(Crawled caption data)
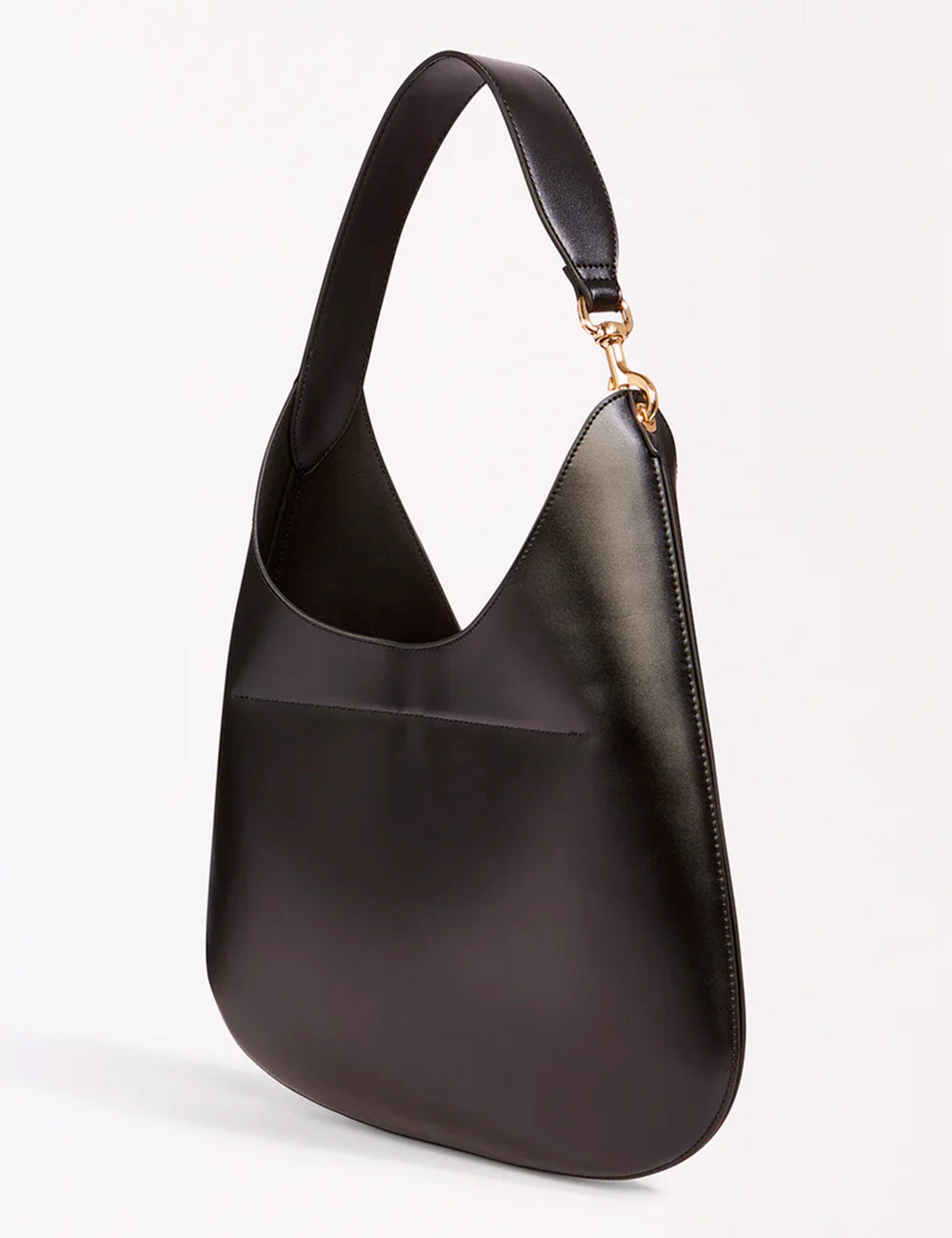 Liviana Conti Tote Medium Chloe Nera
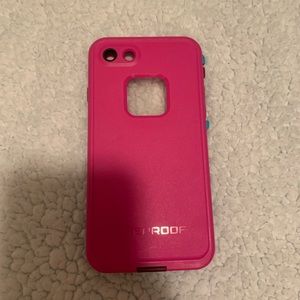 Life proof iPhone 7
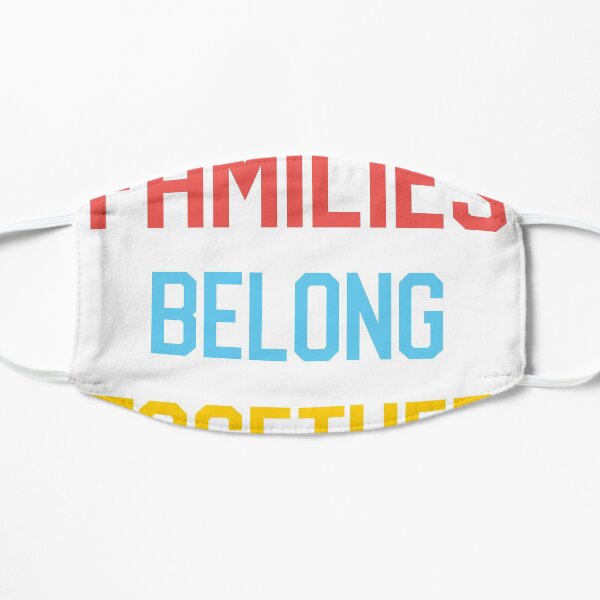 Families Mask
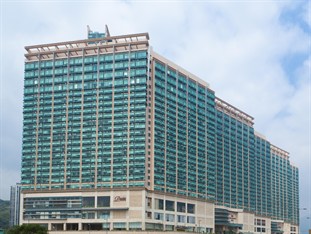 Agoda.com Hong Kong Apartments & Hotels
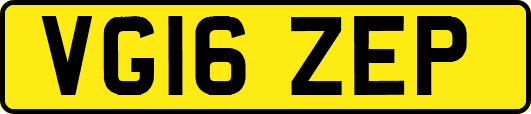 VG16ZEP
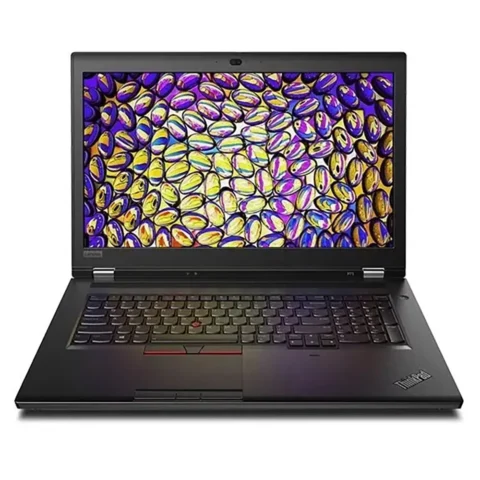 لپ تاپ مهندسی لنوو ThinkPad P73 - Image 8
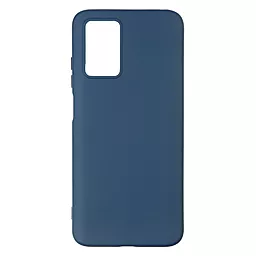 Чохол ArmorStandart ICON Case для Xiaomi Redmi 10, Redmi 10 2022 Dark Blue (ARM66075)
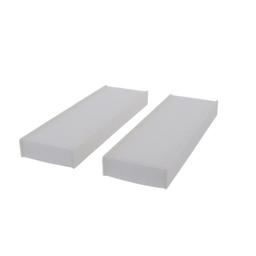 Filtre, air de l'habitacle CORTECO 80000839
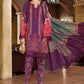 Unstitched M.Prints | MPT-1703-A
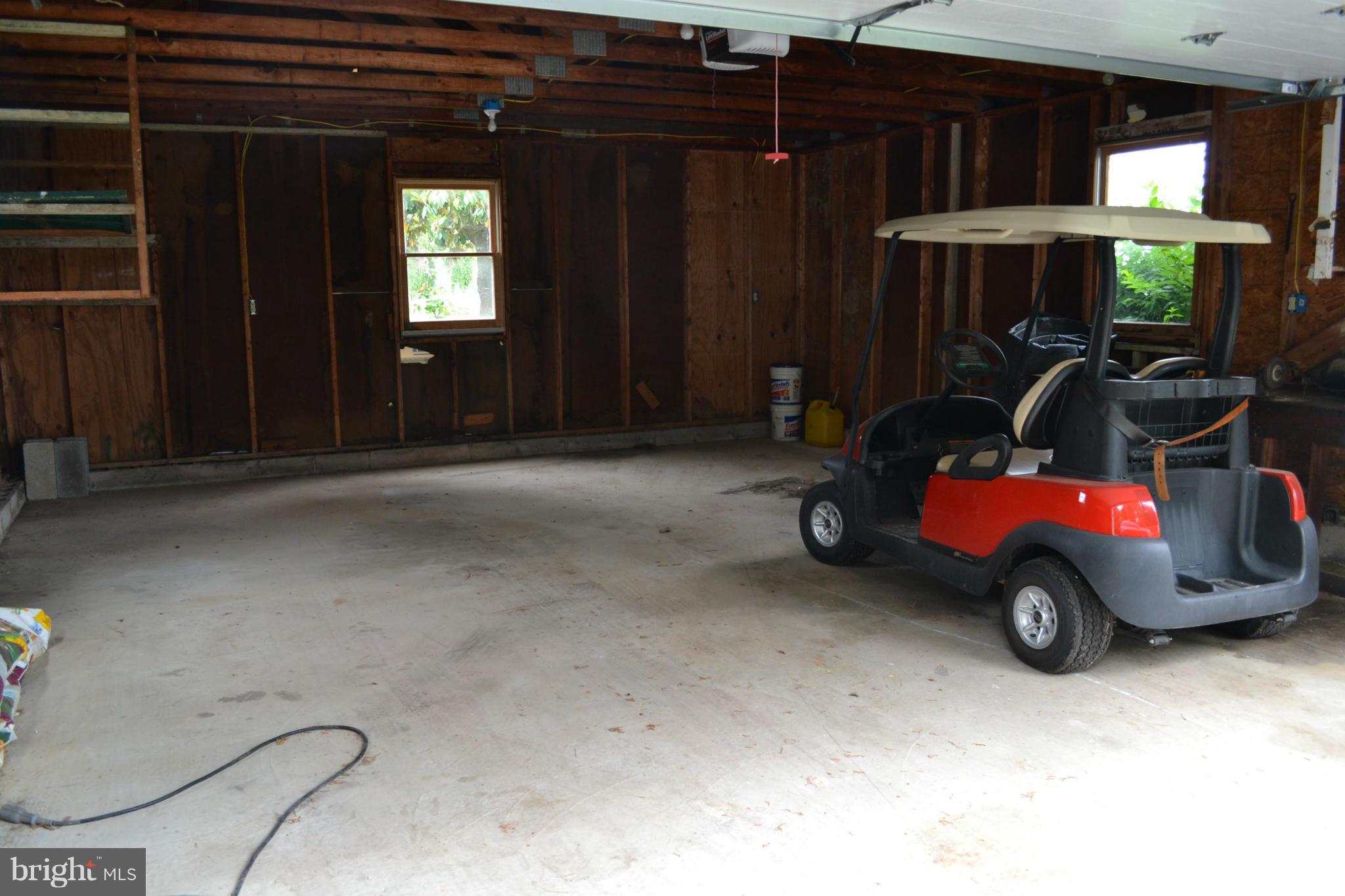 24878 Swan Road St. Michaels, MD 21663 - Photo 22 of 30 Garage 2 or boat shed and workshop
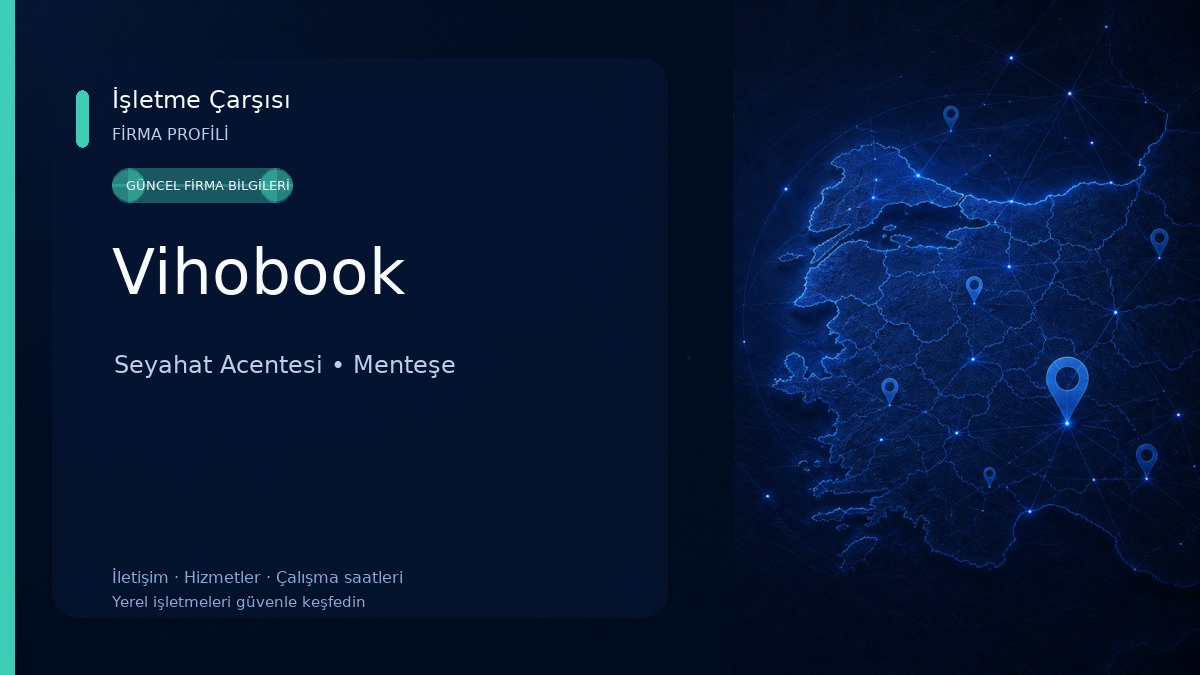 Vihobook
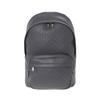 JeanS Men S emboSSed Emblem Round Backpack 4d3202g Pa7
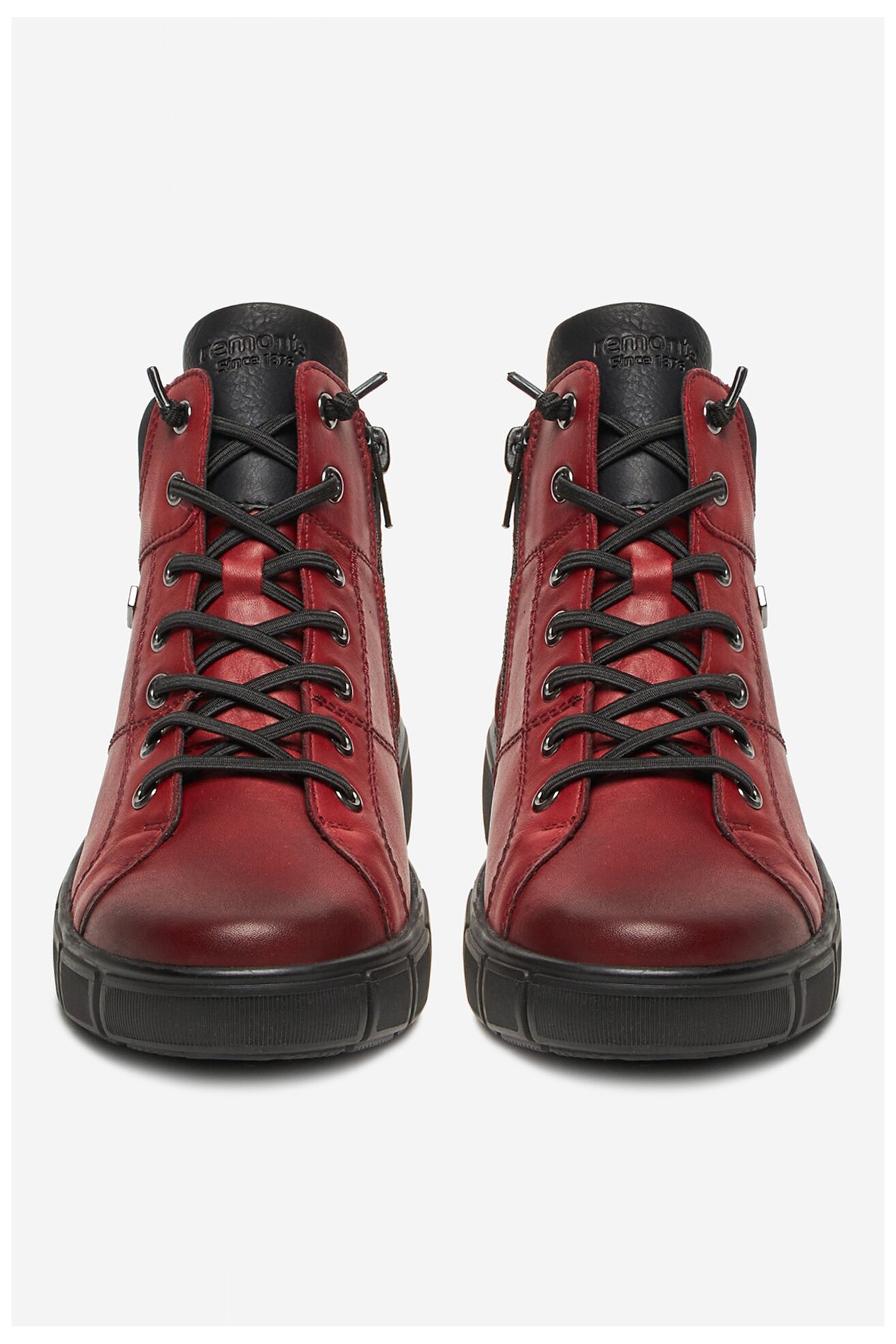 Черевики Remonte D1T76-35 БОРДОВИЙ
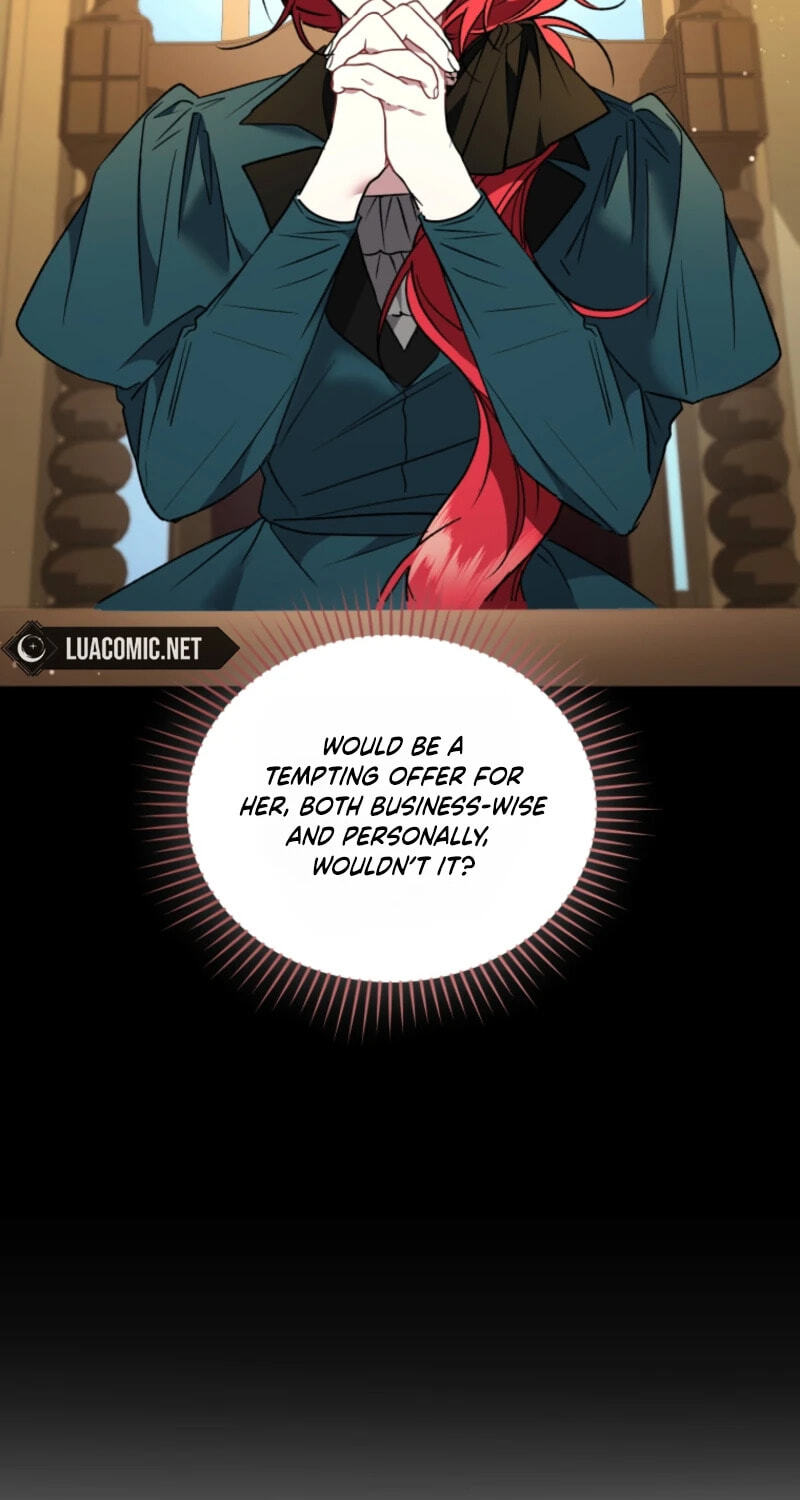 The Crimson Lady Chapter 143 page 57 -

Your objective. When you copy the data, keep every line exact and drop the pictures.

Response box.
 Liviana Conti Tote Medium Chloe Nera
 Life proof iPhone 7
 Families Mask
 Agoda.com Hong Kong Apartments & Hotels
 VG16ZEP
 لپ تاپ مهندسی لنوو ThinkPad P73 - Image 8
 Чохол ArmorStandart ICON Case для Xiaomi Redmi 10, Redmi 10 2022 Dark Blue (ARM66075)
 Filtre, air de l'habitacle CORTECO 80000839
 Unstitched M.Prints | MPT-1703-A
 24878 Swan Road St. Michaels, MD 21663 - Photo 22 of 30 Garage 2 or boat shed and workshop
 Vihobook
 JeanS Men S emboSSed Emblem Round Backpack 4d3202g Pa7
 Черевики Remonte D1T76-35 БОРДОВИЙ
 The Crimson Lady Chapter 143 page 57 -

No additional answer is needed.